* [What to work on] If a line contains "WPS��ʾ��������ͼ���������޸�����", it is the last one to write out; begin with the first line of the records and copy each exactly.

* [Exercise inputs]
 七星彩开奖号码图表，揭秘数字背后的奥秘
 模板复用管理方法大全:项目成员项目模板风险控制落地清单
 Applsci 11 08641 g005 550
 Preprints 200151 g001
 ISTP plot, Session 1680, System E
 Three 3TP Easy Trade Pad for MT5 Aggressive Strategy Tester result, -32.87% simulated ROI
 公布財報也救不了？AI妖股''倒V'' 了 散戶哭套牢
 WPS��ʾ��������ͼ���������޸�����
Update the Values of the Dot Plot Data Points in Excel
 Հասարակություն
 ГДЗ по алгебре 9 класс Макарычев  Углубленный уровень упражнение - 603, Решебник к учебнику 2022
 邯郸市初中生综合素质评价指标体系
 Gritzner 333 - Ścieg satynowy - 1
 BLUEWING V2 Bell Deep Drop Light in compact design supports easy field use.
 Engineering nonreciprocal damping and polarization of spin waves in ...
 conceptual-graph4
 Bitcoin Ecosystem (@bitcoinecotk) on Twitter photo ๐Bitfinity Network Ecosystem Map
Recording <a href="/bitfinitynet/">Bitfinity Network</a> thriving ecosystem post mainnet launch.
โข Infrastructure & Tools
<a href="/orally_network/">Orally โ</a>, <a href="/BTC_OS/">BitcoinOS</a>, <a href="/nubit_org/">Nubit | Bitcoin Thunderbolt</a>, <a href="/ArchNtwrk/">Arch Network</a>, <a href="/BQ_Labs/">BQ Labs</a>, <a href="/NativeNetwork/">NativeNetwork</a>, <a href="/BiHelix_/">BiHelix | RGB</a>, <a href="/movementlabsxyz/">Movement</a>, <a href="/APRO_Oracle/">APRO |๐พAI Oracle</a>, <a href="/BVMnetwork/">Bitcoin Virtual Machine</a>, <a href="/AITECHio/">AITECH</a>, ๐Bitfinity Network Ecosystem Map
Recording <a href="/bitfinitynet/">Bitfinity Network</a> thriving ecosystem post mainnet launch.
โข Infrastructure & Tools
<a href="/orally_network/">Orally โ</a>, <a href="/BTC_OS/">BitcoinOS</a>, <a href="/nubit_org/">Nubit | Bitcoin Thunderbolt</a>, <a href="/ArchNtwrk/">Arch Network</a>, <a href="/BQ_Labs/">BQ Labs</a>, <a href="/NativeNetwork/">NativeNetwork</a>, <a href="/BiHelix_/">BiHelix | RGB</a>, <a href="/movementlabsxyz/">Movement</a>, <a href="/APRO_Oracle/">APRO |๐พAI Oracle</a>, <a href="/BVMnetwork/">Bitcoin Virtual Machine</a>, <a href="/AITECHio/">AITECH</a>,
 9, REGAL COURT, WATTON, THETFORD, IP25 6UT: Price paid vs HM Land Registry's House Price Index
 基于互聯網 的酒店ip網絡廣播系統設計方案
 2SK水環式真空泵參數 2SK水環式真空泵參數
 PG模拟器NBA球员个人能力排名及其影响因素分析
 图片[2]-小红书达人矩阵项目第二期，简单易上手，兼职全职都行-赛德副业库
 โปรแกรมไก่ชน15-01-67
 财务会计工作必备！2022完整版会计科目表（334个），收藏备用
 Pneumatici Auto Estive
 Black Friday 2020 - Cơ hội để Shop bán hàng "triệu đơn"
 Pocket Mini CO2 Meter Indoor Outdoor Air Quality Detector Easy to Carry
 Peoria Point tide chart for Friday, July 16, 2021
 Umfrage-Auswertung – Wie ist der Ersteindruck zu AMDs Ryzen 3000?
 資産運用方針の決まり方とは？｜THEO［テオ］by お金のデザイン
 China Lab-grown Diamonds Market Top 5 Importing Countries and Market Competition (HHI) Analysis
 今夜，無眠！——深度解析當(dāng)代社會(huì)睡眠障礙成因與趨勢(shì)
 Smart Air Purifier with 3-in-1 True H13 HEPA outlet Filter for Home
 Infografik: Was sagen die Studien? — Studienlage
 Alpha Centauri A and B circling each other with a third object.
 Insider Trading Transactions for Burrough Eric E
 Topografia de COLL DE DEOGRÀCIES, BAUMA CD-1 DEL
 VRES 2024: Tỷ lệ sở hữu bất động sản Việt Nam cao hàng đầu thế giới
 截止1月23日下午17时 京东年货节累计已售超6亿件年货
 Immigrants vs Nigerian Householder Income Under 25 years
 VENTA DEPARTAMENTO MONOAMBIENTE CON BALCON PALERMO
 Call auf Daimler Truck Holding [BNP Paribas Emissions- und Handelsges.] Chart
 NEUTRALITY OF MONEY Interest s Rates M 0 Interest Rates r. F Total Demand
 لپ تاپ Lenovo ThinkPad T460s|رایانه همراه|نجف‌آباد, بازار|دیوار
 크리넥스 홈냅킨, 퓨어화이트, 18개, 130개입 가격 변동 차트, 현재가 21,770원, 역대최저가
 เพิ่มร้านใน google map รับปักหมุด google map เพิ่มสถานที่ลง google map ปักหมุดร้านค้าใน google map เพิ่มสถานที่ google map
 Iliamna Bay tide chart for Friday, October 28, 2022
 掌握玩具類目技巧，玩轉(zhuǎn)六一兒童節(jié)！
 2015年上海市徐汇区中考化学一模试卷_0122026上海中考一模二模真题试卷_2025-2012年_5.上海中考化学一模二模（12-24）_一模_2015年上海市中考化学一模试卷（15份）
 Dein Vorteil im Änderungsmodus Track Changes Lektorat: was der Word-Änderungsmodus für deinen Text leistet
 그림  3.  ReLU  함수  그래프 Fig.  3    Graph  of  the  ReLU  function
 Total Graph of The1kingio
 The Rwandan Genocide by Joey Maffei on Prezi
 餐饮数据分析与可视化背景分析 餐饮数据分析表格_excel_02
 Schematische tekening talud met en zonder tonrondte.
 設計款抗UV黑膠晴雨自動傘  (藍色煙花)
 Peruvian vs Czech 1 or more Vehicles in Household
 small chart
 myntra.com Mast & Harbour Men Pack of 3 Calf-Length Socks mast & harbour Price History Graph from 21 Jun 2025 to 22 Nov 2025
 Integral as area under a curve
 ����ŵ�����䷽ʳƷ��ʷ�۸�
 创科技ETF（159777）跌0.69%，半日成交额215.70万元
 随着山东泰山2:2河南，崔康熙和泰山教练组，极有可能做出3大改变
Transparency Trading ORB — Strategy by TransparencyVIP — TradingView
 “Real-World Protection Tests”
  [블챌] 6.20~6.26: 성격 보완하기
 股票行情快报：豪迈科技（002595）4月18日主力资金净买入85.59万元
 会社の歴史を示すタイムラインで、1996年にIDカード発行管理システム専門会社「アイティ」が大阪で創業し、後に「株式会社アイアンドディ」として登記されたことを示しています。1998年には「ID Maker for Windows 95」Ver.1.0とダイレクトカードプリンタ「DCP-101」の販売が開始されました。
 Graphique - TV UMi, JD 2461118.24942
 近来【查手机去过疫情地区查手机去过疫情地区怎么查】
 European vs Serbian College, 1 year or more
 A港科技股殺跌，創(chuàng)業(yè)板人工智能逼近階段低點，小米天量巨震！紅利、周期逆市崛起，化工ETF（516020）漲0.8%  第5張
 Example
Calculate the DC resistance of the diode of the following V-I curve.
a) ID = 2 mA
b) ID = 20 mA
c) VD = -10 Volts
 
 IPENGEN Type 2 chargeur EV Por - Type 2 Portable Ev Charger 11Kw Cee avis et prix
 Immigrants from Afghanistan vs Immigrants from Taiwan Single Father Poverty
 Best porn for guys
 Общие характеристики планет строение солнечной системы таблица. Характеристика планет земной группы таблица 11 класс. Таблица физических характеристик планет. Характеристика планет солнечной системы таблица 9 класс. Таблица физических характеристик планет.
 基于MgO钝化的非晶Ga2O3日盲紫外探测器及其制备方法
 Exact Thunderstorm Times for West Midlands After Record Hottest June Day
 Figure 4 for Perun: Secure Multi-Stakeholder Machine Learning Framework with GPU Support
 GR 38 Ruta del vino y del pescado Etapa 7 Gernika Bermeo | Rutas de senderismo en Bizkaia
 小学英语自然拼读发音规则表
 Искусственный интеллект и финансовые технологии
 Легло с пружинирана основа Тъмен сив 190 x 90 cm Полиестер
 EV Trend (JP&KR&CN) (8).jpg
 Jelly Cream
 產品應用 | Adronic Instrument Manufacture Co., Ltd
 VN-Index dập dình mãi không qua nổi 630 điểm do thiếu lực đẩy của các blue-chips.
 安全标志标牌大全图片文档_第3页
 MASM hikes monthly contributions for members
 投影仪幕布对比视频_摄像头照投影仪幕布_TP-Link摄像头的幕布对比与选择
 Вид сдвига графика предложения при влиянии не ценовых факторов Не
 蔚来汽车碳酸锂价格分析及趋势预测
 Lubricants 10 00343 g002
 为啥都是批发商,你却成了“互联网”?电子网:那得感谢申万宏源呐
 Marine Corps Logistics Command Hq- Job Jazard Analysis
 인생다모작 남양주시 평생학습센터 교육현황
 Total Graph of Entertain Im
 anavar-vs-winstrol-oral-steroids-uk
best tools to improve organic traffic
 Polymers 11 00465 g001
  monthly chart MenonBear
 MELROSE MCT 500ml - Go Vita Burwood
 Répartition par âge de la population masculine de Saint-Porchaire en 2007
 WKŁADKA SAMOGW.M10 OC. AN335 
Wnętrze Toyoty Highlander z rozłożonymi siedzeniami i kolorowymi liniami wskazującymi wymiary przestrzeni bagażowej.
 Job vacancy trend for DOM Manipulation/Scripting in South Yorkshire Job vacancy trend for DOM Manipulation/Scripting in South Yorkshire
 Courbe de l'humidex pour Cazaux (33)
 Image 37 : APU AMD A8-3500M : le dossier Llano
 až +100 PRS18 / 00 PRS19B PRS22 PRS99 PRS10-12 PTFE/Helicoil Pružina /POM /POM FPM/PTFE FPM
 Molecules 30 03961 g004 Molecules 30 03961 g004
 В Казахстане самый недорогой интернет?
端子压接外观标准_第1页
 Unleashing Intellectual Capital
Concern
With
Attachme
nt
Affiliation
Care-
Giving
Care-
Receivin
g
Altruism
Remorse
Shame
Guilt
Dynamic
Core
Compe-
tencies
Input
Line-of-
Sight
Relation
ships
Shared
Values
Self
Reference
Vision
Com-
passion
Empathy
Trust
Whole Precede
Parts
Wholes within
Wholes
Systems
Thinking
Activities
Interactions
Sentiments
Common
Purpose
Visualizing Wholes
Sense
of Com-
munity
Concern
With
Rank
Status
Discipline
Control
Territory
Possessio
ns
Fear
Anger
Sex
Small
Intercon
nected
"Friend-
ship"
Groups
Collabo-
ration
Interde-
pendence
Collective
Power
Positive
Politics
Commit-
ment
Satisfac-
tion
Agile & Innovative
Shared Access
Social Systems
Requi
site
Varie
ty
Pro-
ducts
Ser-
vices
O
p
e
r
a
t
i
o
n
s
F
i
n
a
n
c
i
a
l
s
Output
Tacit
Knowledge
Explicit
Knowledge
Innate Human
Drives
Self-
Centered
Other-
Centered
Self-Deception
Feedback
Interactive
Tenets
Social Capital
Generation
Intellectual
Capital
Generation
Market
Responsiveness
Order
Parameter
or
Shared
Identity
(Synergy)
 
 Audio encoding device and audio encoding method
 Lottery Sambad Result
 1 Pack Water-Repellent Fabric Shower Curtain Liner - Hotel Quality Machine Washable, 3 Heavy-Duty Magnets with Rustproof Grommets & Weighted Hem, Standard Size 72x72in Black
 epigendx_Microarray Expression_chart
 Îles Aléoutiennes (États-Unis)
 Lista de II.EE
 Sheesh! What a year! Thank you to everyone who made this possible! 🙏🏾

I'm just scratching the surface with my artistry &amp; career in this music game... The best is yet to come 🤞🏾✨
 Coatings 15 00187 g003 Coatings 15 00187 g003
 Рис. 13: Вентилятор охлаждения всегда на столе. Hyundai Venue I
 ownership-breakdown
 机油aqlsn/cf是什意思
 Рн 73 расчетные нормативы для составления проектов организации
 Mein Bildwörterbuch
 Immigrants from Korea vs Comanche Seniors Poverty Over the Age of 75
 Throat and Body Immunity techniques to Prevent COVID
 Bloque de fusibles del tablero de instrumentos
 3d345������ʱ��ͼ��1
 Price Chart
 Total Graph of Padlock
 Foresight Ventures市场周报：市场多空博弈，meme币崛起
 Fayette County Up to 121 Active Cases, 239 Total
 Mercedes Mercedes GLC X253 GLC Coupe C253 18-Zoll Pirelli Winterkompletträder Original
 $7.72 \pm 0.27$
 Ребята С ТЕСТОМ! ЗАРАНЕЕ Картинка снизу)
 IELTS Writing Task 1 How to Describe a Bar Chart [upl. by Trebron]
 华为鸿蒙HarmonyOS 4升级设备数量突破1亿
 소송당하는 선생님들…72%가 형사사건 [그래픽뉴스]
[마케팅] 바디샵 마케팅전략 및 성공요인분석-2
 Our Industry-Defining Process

* [Your response]
 七星彩开奖号码图表，揭秘数字背后的奥秘
 模板复用管理方法大全:项目成员项目模板风险控制落地清单
 Applsci 11 08641 g005 550
 Preprints 200151 g001
 ISTP plot, Session 1680, System E
 Three 3TP Easy Trade Pad for MT5 Aggressive Strategy Tester result, -32.87% simulated ROI
 公布財報也救不了？AI妖股''倒V'' 了 散戶哭套牢
 WPS��ʾ��������ͼ���������޸�����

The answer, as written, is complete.